My friend stayed with us until early morning when we finally went to Michael’s apartment to try to get some sleep. I remember walking in, laying down on the bed and trying to stop myself from crying so that I could fall asleep and be stronger when I woke up. Waking up was awful. I had about three hours of sleep and when I opened my eyes in that groggy state of needing more sleep but knowing there was a need to get up, I think I was hoping to find that it had all been a bad dream. As I looked around the bedroom, I started to cry because I knew it was real and that this was just day one.
That morning my brother contacted my son to let him know that he had taken care of all the arrangements at a hotel right across the street the next day to make sure I had somewhere to stay that was close by. I was so thankful he had stepped in and taken care of it for me. I had little concept of time and couldn’t think past the next minute or two so making any kind of plan was beyond my capacity.
For the first few days I walked around in a daze, I was confused and disoriented, and had it not been for my children who led me around and watched over me constantly, making sure one of them was with me at all times, I would have forgotten to eat, drink, sleep. I felt like my brain was broken, I couldn’t connect things together properly. I was present but disconnected in conversations, as I heard people talking but experienced things as though I was out of my body watching it all. How was the world still spinning? How could people be coming and going and living their lives like normal when time had stopped for me? How could life continue in one place after another when Pat’s was on hold with so many uncertainties? I was trapped in my own mind, in my own pain, and for me, everything had stopped and there was no life if Pat wasn’t living it. I broke down crying in public places, I was overwhelmed walking through the cafeteria or across the street to the hotel. Every simple thing was just too much.
From my journal, January 6, 2013:
I need to be close to him. I find that even though there is nothing I can do at his bedside, just being close to him gives me some peace and keeps me feeling connected. As soon as I leave for the waiting room I feel scared and agitated…I don’t know if I am coming or going, I can’t think straight and I can’t make small decisions. I am following people around as they are helping me get from one place to another so that I eat and rest. I keep waiting to wake up from this nightmare, because I can’t believe it is real. It has been my worst nightmare, that he would not come home one night and be lying on a table somewhere when I finally got to see him. And it came true and now I can’t seem to shake the image of him being hit and thrown across the road and how scared he must have been in the moment when he realized he was going to be hit.
Family, and friends who are family, came to be with us. Some took us for meals, some brought food, some prayed with us, everyone listened. Most importantly, they were just there, no questions asked, no campaigns to cheer us up. They just showed up from the first morning on, taking care of us and making sure that whatever we needed was being done.
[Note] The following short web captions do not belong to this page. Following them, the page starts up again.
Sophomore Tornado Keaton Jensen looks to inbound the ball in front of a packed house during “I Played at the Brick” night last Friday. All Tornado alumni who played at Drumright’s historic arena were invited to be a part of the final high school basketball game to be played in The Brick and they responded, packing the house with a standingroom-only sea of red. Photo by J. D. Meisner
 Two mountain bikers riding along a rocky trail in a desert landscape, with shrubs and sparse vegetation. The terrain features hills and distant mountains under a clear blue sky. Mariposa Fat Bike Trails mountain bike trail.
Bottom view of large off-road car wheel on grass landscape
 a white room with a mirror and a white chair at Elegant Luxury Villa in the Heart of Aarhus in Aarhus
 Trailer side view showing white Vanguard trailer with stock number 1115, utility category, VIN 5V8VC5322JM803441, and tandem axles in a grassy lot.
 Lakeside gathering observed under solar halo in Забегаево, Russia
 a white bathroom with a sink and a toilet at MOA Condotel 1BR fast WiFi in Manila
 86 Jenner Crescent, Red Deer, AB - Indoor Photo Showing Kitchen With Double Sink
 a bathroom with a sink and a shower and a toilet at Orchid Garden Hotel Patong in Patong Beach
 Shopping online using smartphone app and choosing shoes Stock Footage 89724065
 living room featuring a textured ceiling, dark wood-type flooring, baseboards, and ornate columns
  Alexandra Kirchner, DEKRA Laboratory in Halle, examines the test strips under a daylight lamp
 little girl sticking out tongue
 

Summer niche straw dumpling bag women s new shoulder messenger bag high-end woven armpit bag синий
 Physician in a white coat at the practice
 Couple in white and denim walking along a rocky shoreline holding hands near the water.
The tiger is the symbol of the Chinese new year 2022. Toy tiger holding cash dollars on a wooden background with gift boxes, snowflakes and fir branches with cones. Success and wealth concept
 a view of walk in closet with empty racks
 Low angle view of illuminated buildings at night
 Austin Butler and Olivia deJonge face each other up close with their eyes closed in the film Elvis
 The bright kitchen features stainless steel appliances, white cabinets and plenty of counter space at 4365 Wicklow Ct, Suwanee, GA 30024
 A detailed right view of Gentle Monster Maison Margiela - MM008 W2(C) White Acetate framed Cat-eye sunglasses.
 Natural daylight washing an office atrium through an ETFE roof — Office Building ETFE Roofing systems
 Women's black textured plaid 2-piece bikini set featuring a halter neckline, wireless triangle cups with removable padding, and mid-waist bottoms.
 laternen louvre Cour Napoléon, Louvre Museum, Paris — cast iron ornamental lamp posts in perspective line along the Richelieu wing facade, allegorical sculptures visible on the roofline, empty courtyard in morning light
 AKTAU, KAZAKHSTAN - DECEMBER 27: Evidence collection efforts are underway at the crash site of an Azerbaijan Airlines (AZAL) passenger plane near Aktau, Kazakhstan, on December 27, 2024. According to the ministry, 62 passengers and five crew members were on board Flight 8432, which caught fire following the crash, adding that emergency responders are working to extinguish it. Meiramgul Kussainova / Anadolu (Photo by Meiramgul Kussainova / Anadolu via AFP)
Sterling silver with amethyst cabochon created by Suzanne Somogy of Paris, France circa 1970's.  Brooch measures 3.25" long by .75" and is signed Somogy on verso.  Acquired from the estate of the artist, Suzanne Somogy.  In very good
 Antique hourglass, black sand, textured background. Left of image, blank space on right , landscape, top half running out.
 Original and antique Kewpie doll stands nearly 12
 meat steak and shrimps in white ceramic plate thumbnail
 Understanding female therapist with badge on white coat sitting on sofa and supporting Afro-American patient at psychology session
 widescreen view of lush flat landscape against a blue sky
I was overwhelmed by the generosity of Pat’s workplace, our parishioners, and the wider community who had set up, maintained, and donated to a trust fund to help us with the unexpected expenses incurred by such a sudden tragedy. I received notes and cards with more donations, some from people I hardly knew, and I remember thinking that I have never been a person who could just accept things like this without needing to pay them back, and there I was, in a situation where all I could do was say thank you over and over again, humbled to know how much I would need the help, and finally realizing that the people somehow needed to give it.
All of that helped me to hang on to the idea that God was taking care of me, sending me help, sending me people to take care of me. I was scared out of my mind, but still trying to be thankful for whatever good was happening, trying to see signs of God’s help in the kindness of others.
For the nearly five weeks he was in a coma I did not feel anger. It surprised me. I felt many things, but not anger. I even asked my friend to pray that I wouldn’t get angry. I held onto the fact that the accident was bad enough that he should have died, but that God had saved his life, so he had to wake up and be OK because nothing else would make sense. There was a reason he didn’t die, and the only reason I had was that he was going to be OK. It was the simple logic in my mind so shaken and scattered that I couldn’t even think properly.